It's two days after Ezra Mannon's murder at the start of The Hunted, the second play in O'Neill's trilogy. Lavinia's still furious, and Christine's terrified of what she might do. Lavinia manages to convince Orin—who's way, way too devoted to his mother (seriously, it's creepy)—that Christine's having an affair with Brant and that both of them conspired to murder their father.

A couple of days and some heated arguments later, Orin and Lavinia make their way down to the harbor where Brant's ship is docked. Orin, in what looks a lot like a jealous rage, puts a bullet into Brant. Lavinia and Orin steal a bunch of stuff from the ship and dump it into the water to make it look like a robbery. Then they go home and confront Christine, letting her know that they just killed her lover. Apparently overcome with grief, Christine goes inside the Mannon home and kills herself.

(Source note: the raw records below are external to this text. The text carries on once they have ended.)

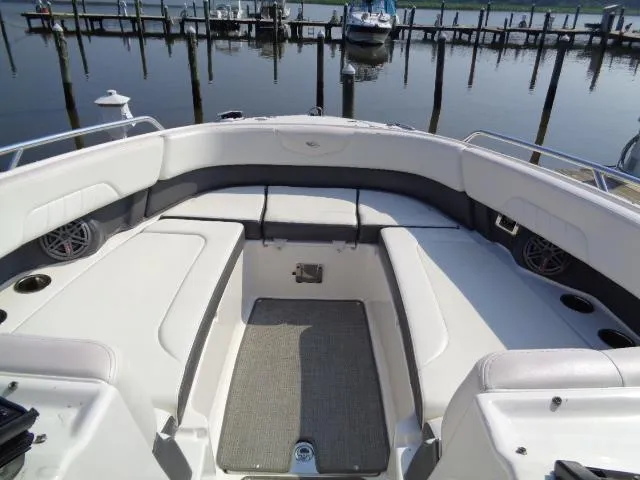 Slide: The Image of 2015 Chaparral 307 SSX boat interior with spacious seating and waterfront view. - 6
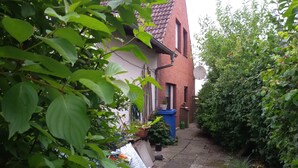 A narrow pathway leading to a house with a tiled roof and a brick wall. There are potted plants and a blue trash bin near the entrance. - Spacious u. child-friendly apartment (Oesterdeichstrich)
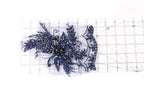 a close-up view of a blue, glittery, and intricate piece of fabric or material, possibly a decorative element or a textile.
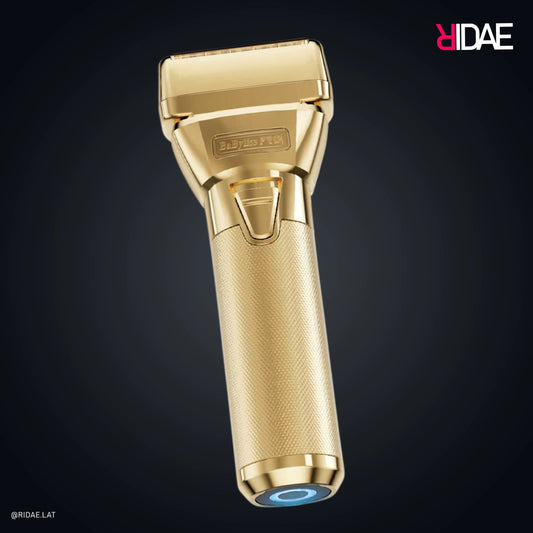 Afeitadora dorada BaBylissPRO FXONE GoldFX FX79FSG con batería intercambiable y doble hoja de titanio.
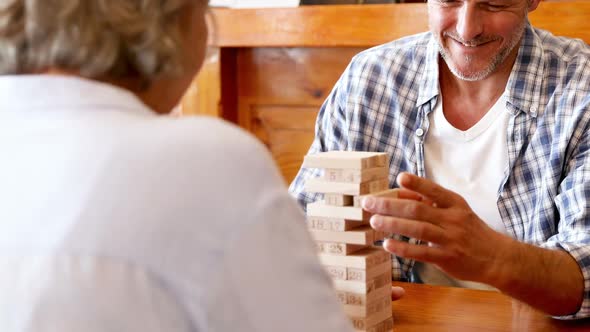 Senior friends playing jenga game on table 4k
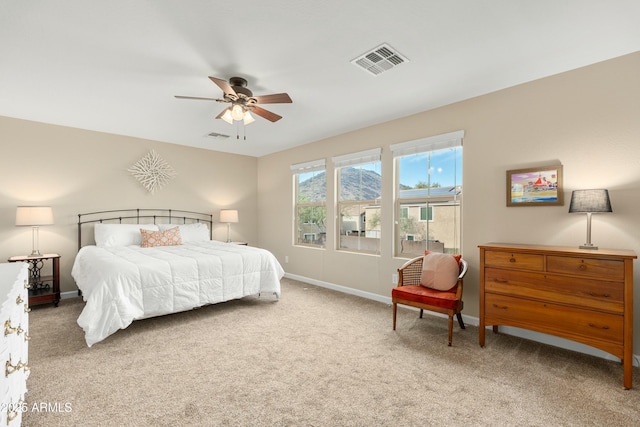 bedroom with ceiling fan and carpet floors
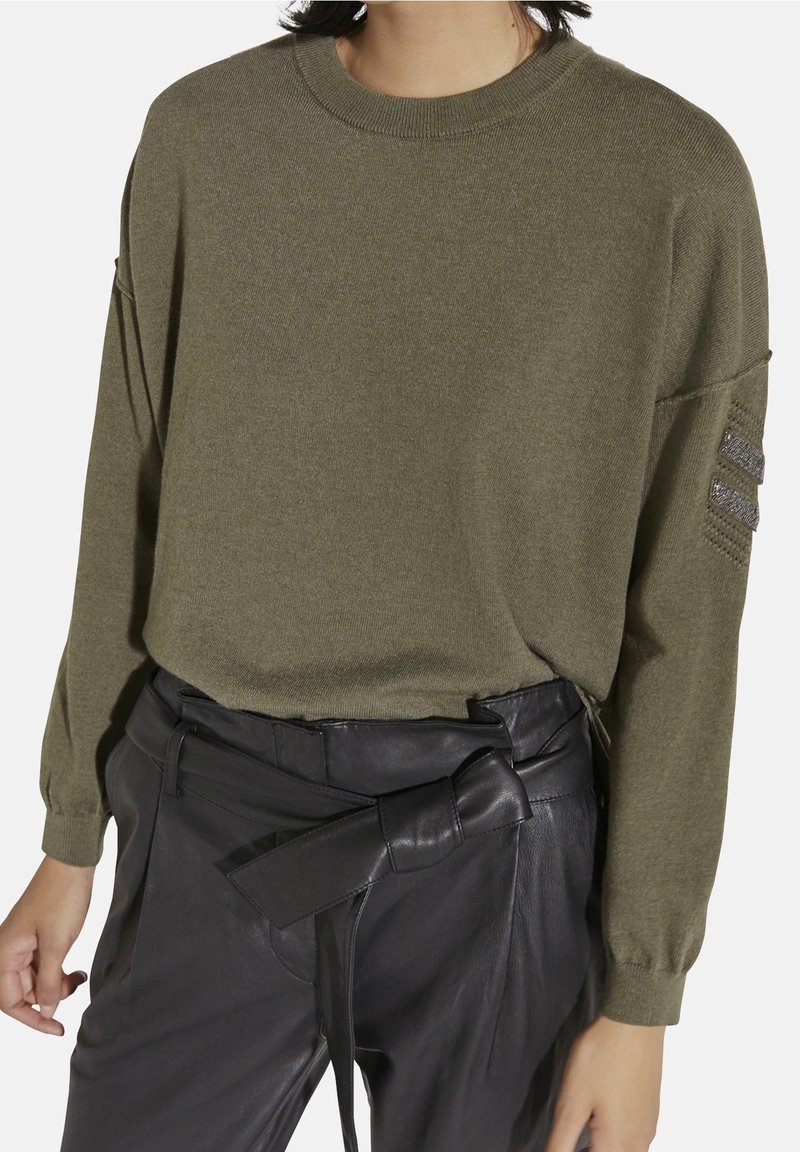 Pull tricoté vert olive avec un col rond et une coupe ample, présentant des rayures métalliques texturées sur les manches. Associé à un pantalon en cuir noir.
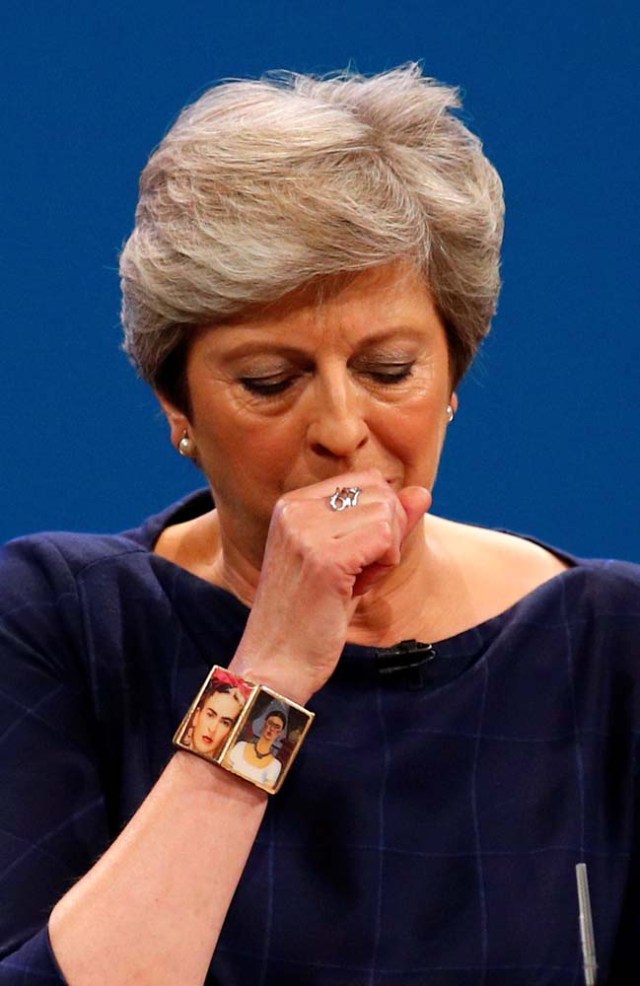 Britain's Prime Minister Theresa May coughs as she addresses the Conservative Party conference in Manchester, October 4, 2017. REUTERS/Phil Noble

On that cheerful note, we head off into The Haunted, the third play of the trilogy. Orin and Lavinia have just gotten back from a long vacation in the South Seas, and they run into their two friends (and soon-to-be more than friends) Peter and Hazel. Lavinia looks healthy, hot, and happy; Peter insists she looks a lot like her dead mother. Orin, on the other hand, is a hot mess of guilt and borderline insanity.

Lavinia tries to manage her brother's moods, and is super worried he'll tell somebody they murdered Brant. Everybody tries to make the best of it while Orin seems to get weirder and weirder. Consumed by guilt, and wanting to rejoin mommy, he kills himself, even though he was supposed to marry Hazel. Lavinia, who was supposed to marry Peter, lies about having an affair so he'll dump her, which he does.

Lavinia decides that she's doomed to live out her days in the Mannon home, surrounded by the ghosts of her dead relatives, as punishment for what her family's done. Guilt's going to keep her company for the rest of her life, and the play ends as Lavinia retreats into the house forever.